Tebow, a 30-year-old player who has a defensive ceiling as a bad corner outfielder, hit .226/.309/.347 against teenagers and 21-year-olds, which would suggest that there are, oh, about 100 to 200 players with a better argument for an invitation.

It would appear that some of these players have noticed:

But it’s a new year, and it’s been months since we’ve had fresh Tebow content. So let’s break out the greatest hits:

  • Yes, it’s still impressive that Tebow could even hit that well, considering he spent most of his 20s playing not-baseball.
  • No, I couldn’t hit or run or catch or throw as well as Tim Tebow.
  • Yes, he’s better looking than me.
  • With a heinie that really doesn’t quit.
  • He sells tickets.
  • He’s better than me at lots of things.
  • Please don’t email me with your opinions about Tebow. I have a filter set up to send them straight to the trash.
  • Where they will join the baseball abilities of Tebow.
  • Ha ha, just a little humor, folks, but seriously, please don’t email me.
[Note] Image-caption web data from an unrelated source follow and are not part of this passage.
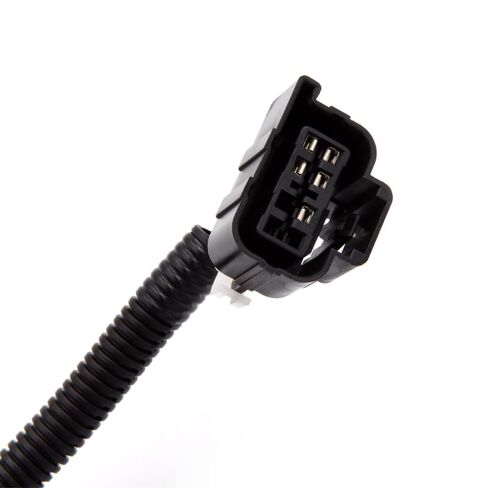 Right Passenger Side Tail Light Wiring Harness 16531402 Compatible with 2003-2007 Chevy Silverado 1500 1500HD 2500HD 3500 in Kuwait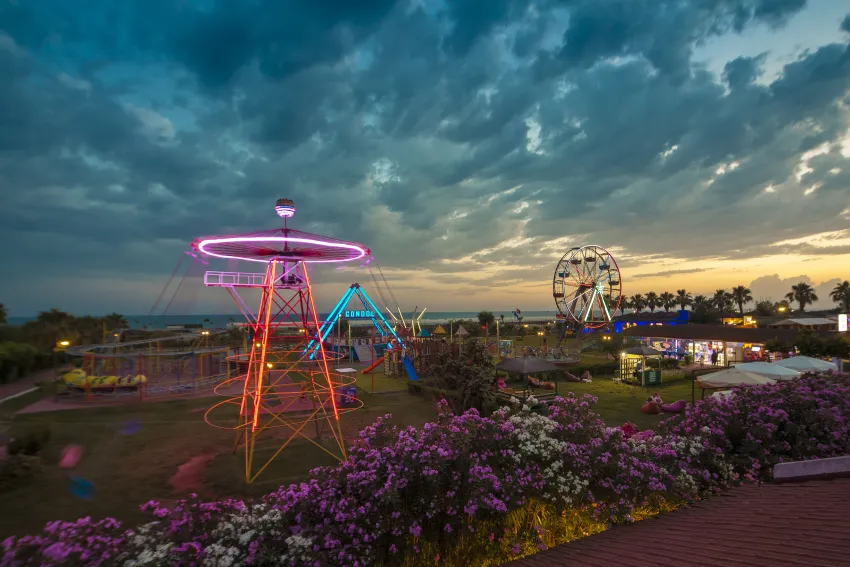 Club Hotel Turan Prince World Select Villa 5*-41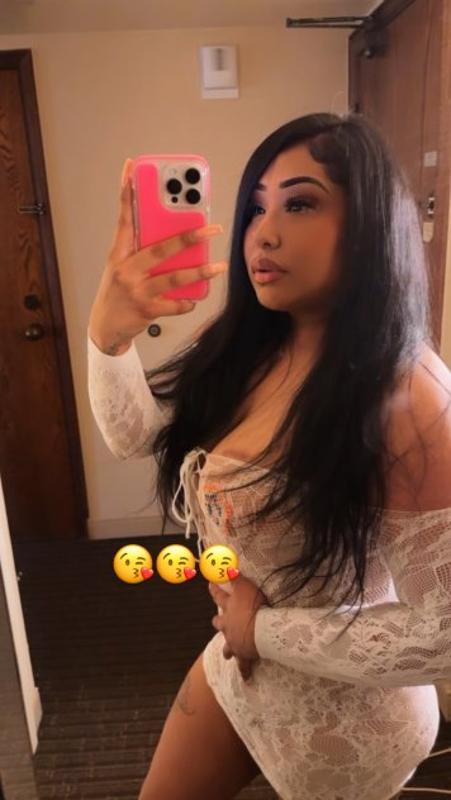 Party Girl Nickii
What this is, though, is a precursor to a logical conclusion. There is absolutely no way that Tebow leaves professional baseball without a cup of coffee in the majors. The only thing standing in his way is health, and there are no concerns there. The shirsey sales alone would justify it, and the additional revenue would allow the Mets to not pursue even more free agents, so they would be fools not to do it. We know that attendance spikes in the minors when Tebow rolls through town, so why not the majors?

Why not big league camp? They sell tickets there, too. And shirseys. It’s not like baseball is so pure that it’s never fiddled with publicity stunts. Pretty sure Minnie Miñoso wasn’t one of the best 650 players in baseball in 1980, when he got two at-bats and played in his fifth decade. Jim Morris wasn’t one of the best 750 players in baseball in 1999, but there was a good story and a movie to sell.

And so it will be that Tebow will be in big league camp this spring and on a big league roster this September, probably. He’ll deserve it because of the financial boost he will provide to Metropolitans Baseball Club Inc., and he won’t deserve it because he’s better at baseball than his peers.

His starving, young, work-at-Home-Depot-in-the-winter-ass peers.

This has been the latest installment of Tim Tebow Watch Watch. It will not be the last.